# Aim of the task
Word for word, restate the lines of the listing below from the line with "Meisterbrauer. Ein Barista" through the line with "Une chambre d’hôtel", and do not include the pictures.

# Material supplied
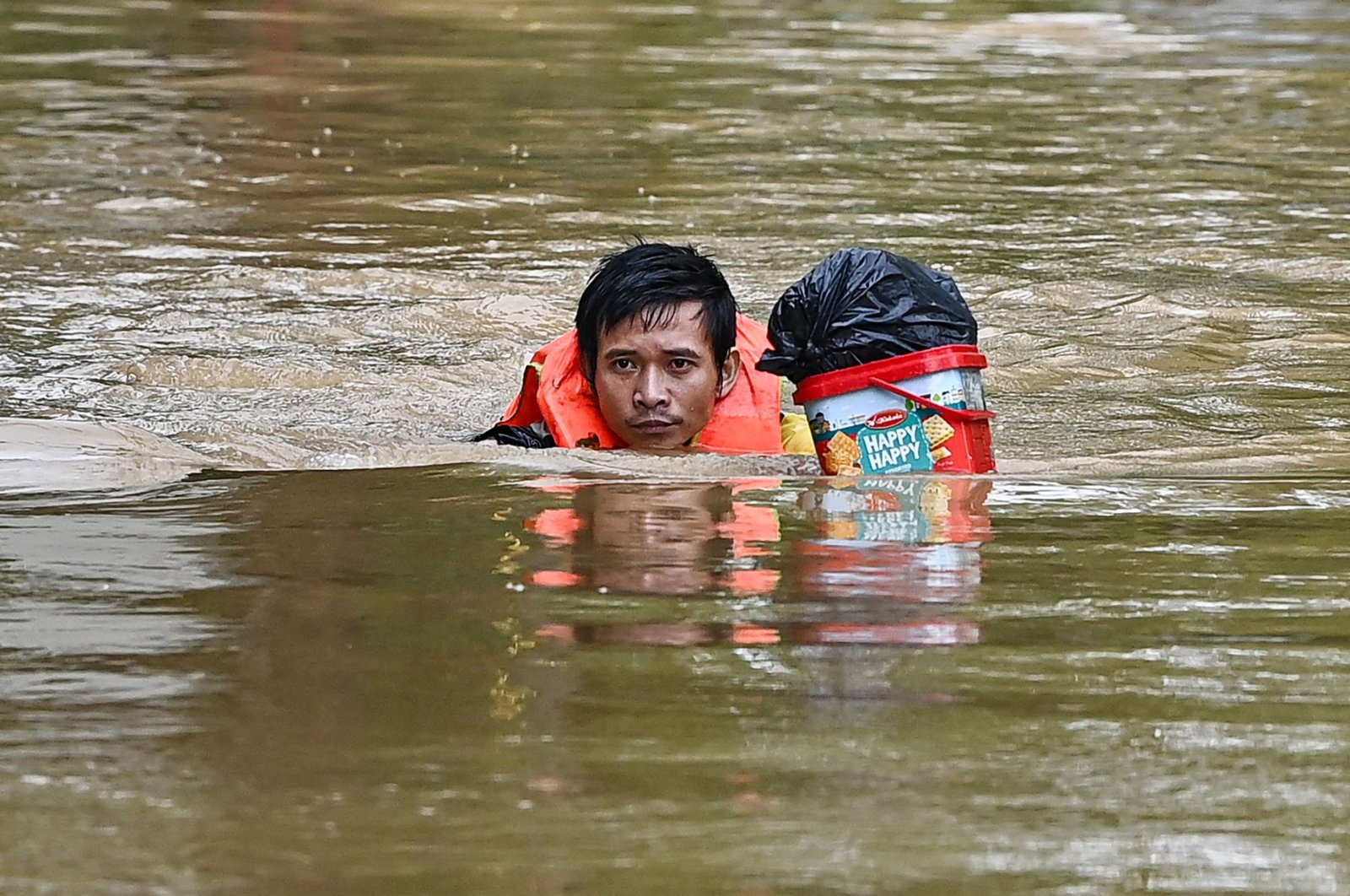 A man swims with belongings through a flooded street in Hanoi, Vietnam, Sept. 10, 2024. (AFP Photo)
--
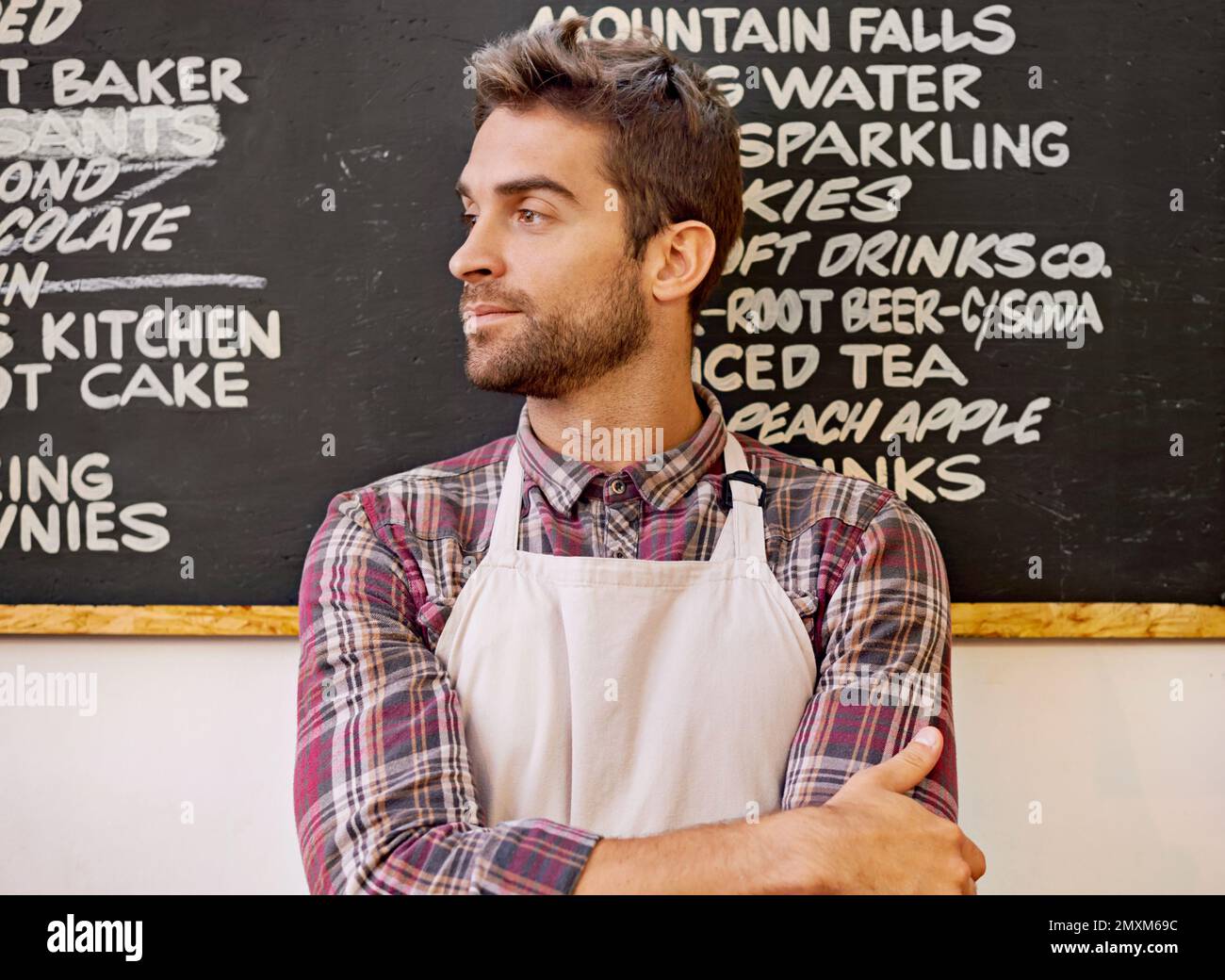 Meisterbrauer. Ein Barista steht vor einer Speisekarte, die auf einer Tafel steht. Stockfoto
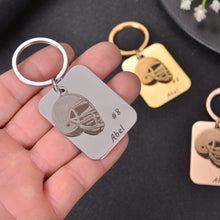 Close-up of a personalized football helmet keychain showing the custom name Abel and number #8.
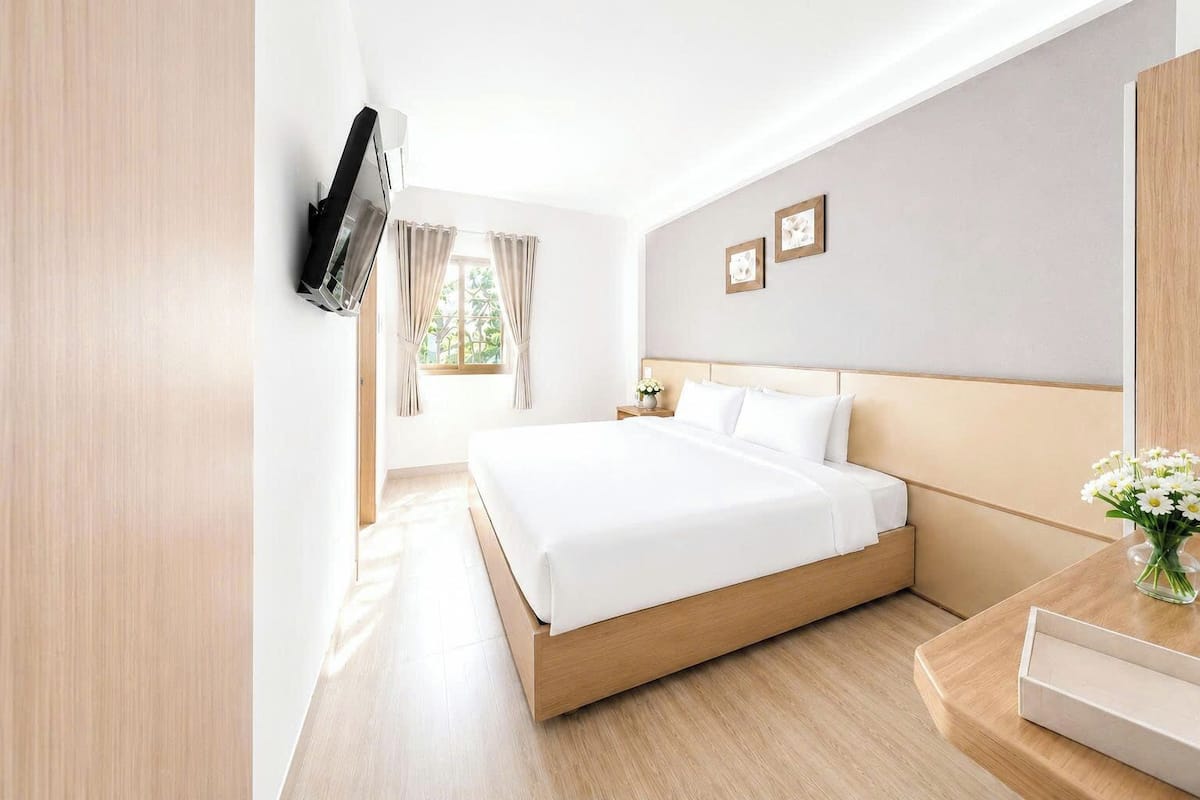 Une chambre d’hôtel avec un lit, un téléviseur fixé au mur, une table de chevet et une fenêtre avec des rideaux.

# Solution below
 Meisterbrauer. Ein Barista steht vor einer Speisekarte, die auf einer Tafel steht. Stockfoto
 Close-up of a personalized football helmet keychain showing the custom name Abel and number #8.
 Une chambre d’hôtel avec un lit, un téléviseur fixé au mur, une table de chevet et une fenêtre avec des rideaux.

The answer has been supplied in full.